Posted: 03/27/2009 03:47 PM
I've spent the last few days thinking of all of the bits of wisdom Malcolm has passed down to me and to so many other young people and all of the memories I have with Malcolm. Words cannot convey my grief, but please know that I'm thinking of you, Nancy and Matt, and the world has truly lost a great, great man. Malcolm will certainly live on in my daily life and that of many of my friends and co-workers that he mentored. We will all miss and remember our friend and leader. His spirit will always be within all of the beauty he created. Best, Laura
Las Vegas, NV
Posted: 03/27/2009 12:20 PM
What can I say other than Malcolm will be greatly missed. He was a dear friend and great listener. He pulled me through some rough days at the Rutt and I will cherish the memories that were created over a long period of friendship. Nancy, anything you need just call me. Take one day at a time.

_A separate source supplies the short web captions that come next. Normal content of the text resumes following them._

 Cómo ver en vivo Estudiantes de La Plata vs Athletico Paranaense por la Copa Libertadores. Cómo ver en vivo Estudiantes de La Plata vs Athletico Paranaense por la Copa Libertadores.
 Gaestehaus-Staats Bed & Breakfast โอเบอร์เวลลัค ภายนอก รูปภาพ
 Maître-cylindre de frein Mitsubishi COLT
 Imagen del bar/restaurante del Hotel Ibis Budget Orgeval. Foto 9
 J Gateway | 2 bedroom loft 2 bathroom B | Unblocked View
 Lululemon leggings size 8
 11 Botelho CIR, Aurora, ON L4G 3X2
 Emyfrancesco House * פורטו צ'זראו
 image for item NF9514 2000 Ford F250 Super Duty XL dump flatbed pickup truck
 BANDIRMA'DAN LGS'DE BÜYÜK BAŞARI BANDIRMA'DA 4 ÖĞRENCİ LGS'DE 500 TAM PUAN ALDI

Posted: 03/26/2009 04:07 PM
Dear Nancy...A significant loss and the passing of a man who was a mentor and inspiration to many young people, a deeply caring individual, and a magician when it came to 'making beauty' in the garden. He will be sorely missed; and yet, his spirit will live on in all his creative works. You are in our thoughts and in our hearts. Most sincerely, Deb & Bill
Bemidji , MN
Posted: 03/26/2009 04:07 PM
Nancy & Matthew, DeKreys,and Glenn Family My thoughts and prayers are with you. May you find peace, smiles and laughter in your shared memeories of Malcolm.
Posted: 03/25/2009 01:24 PM
Nancy, I am so sorry to hear of your loss. Malcolm will be sorely missed. I will keep you both in my prayers. Leila
Posted: 03/25/2009 01:24 PM
Nancy, Words can not express my grief. I will miss my good friend. Since the first day that I met him at Ruttgers he has always been an inspiration and source of strength for me. I will miss stopping by the shack and reliving old memories and creating new ones. Please, if there is anything that I or my folks can do, do not hesitate to ask. My thoughts are with you and your family.